Records shown -
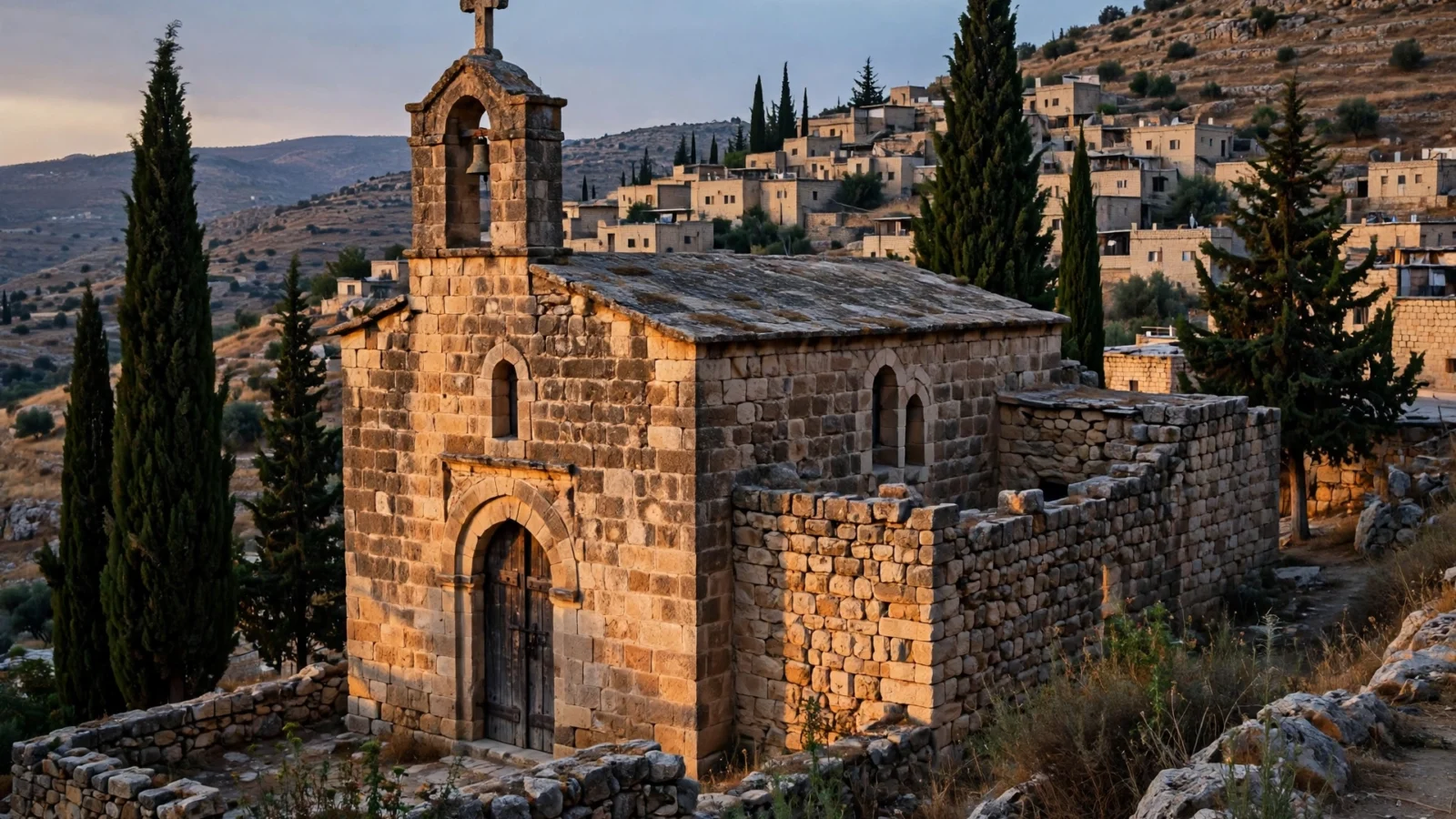 Old stone church with a bell tower and cross on a hillside in a Middle Eastern village at dusk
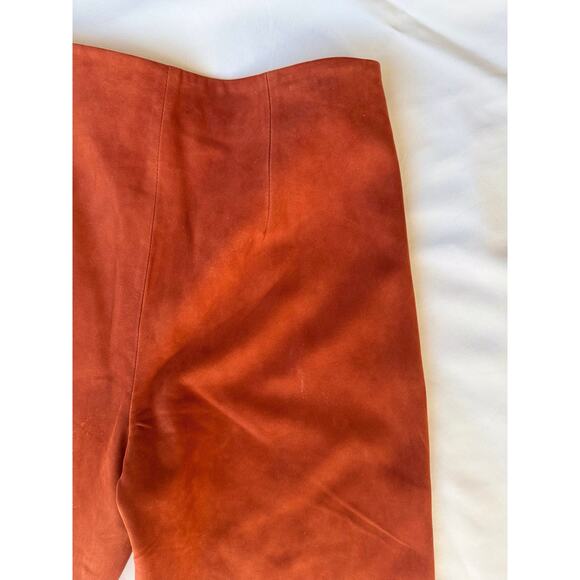 Vince Pants Size 6 Fall Culottes Suede Wide Leg Cropped in Brick Red Orange - Picture 6 of 16
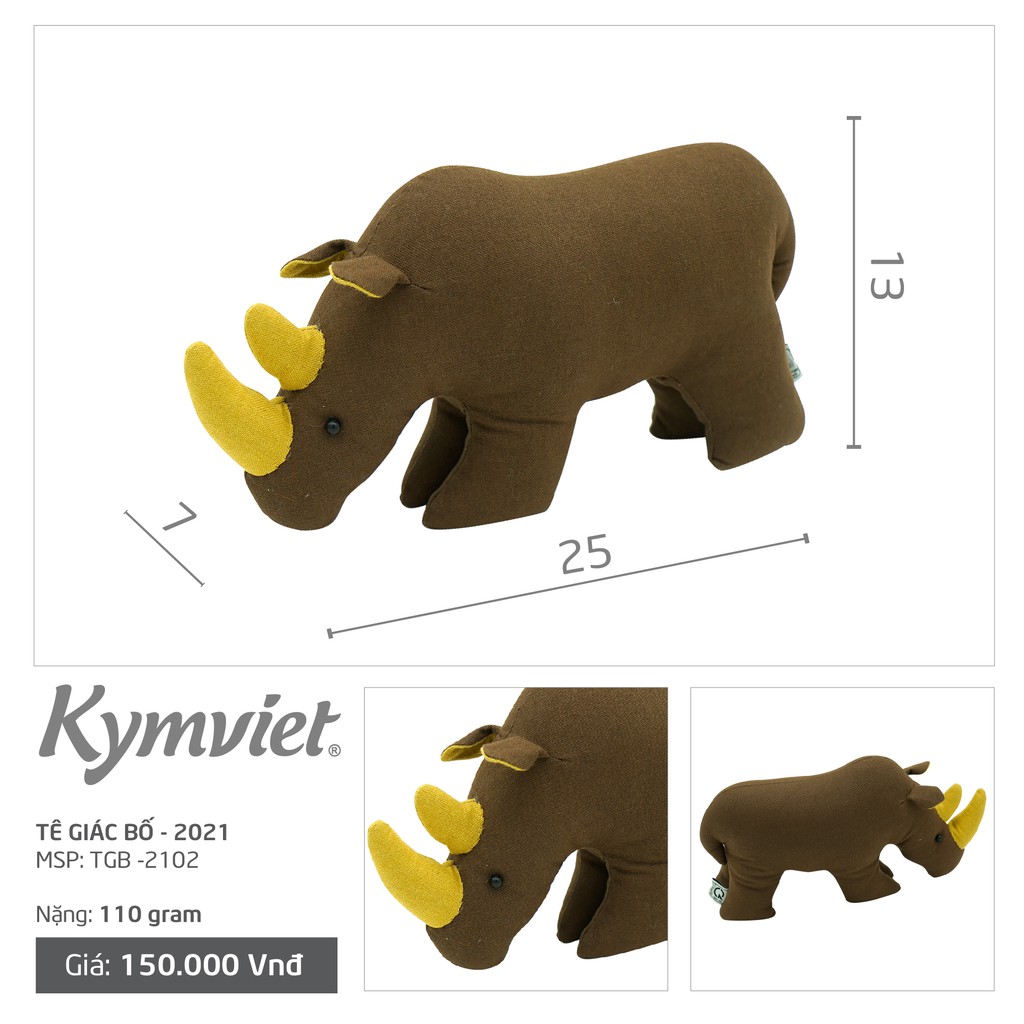 Tê Giác Bố Nhồi Bông KYMVIET Vải Cotton Handmade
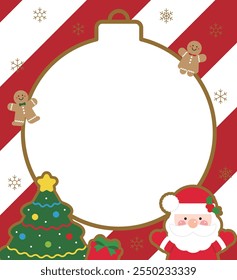 December winter Christmas concept frame, card, banner, border illustration. Red striped pattern background with blank frame in ornamental form and cute Santa, cookie character, Christmas tree, gifts.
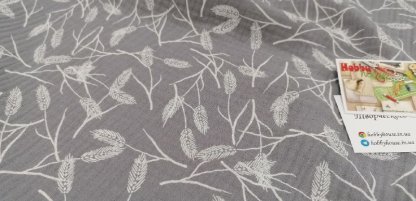 Муслін двошаровий колоски на сірому 135 см арт. 3503 - Зображення 2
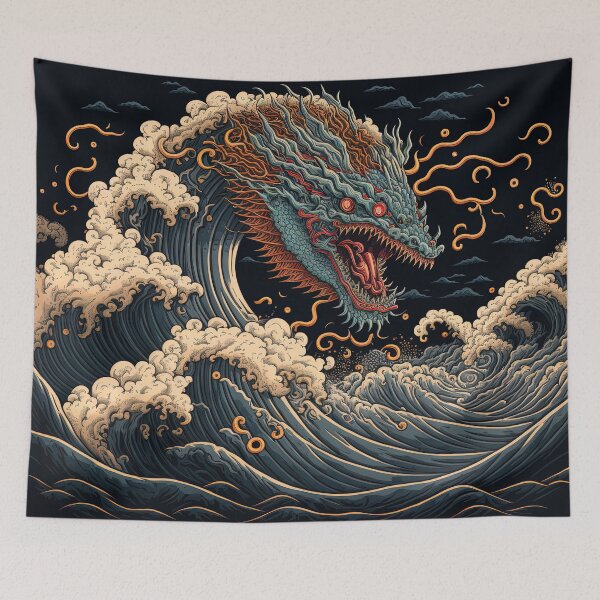 Item preview, dragon in the middle of a wave designed and sold by AeonGraphic.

Action item -
The answer must consist solely of the lines from the first line of the records through the line containing "Муслін двошаровий колоски", reproduced exactly and without the pictures.

Exercise result -
 Old stone church with a bell tower and cross on a hillside in a Middle Eastern village at dusk
 Vince Pants Size 6 Fall Culottes Suede Wide Leg Cropped in Brick Red Orange - Picture 6 of 16
 Tê Giác Bố Nhồi Bông KYMVIET Vải Cotton Handmade
 December winter Christmas concept frame, card, banner, border illustration. Red striped pattern background with blank frame in ornamental form and cute Santa, cookie character, Christmas tree, gifts.
 Муслін двошаровий колоски на сірому 135 см арт. 3503 - Зображення 2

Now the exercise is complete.